→ INSTRUCTIONS FOR THE TASK: Find the line containing "Pure Vie Portable" in the records below. Copy exactly that line and each one after it, ending at the line containing "House of Harlow", and nothing more.

→ INPUT DATA:
-=-=-=-=-

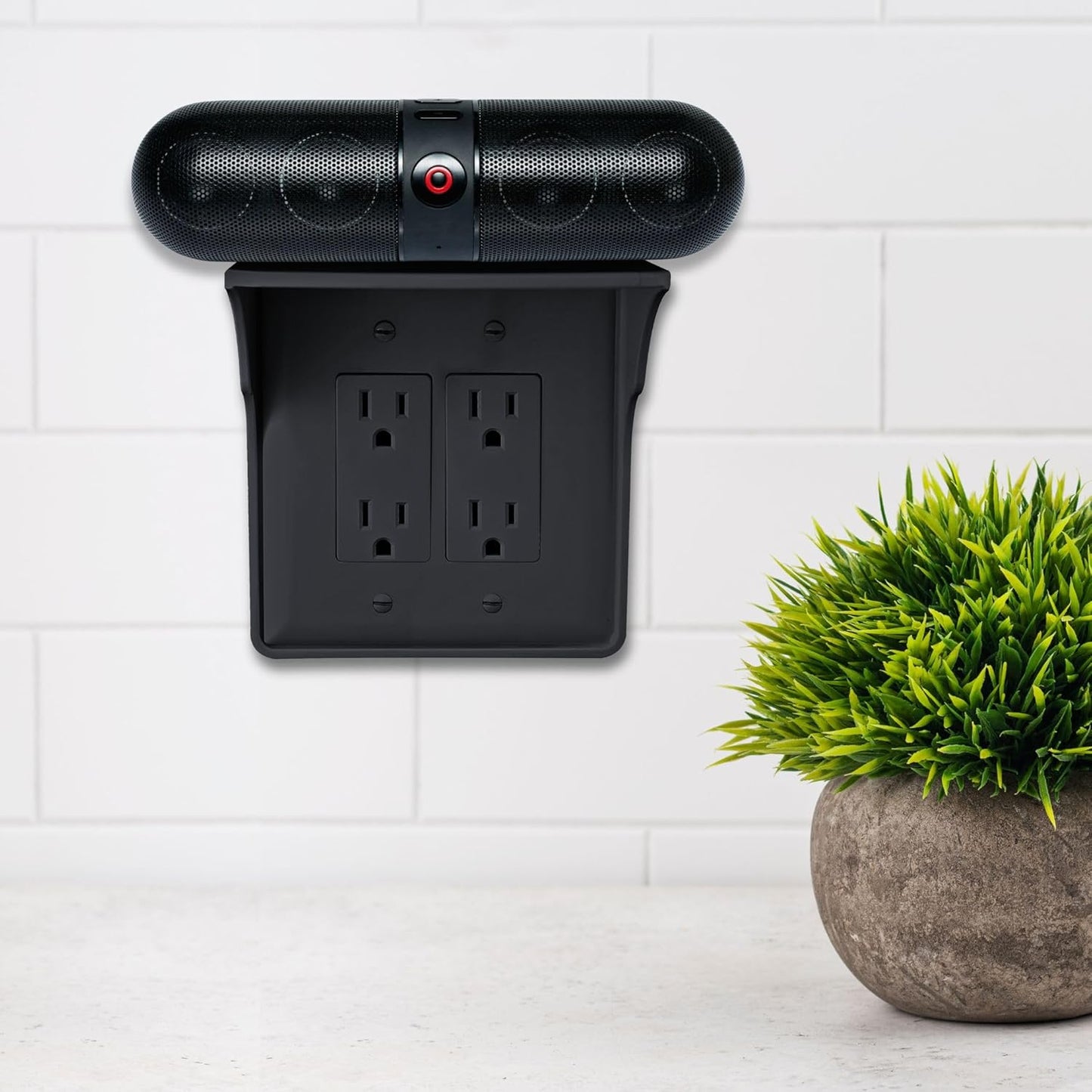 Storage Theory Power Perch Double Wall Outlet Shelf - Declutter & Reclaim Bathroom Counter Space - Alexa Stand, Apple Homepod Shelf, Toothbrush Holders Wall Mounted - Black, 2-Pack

-=-=-=-=-

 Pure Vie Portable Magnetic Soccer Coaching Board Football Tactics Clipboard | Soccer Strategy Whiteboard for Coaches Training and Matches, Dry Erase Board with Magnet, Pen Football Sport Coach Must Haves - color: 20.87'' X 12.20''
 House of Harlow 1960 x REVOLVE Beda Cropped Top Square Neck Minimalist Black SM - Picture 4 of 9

-=-=-=-=-

→ WRITTEN ANSWER:
 Pure Vie Portable Magnetic Soccer Coaching Board Football Tactics Clipboard | Soccer Strategy Whiteboard for Coaches Training and Matches, Dry Erase Board with Magnet, Pen Football Sport Coach Must Haves - color: 20.87'' X 12.20''
 House of Harlow 1960 x REVOLVE Beda Cropped Top Square Neck Minimalist Black SM - Picture 4 of 9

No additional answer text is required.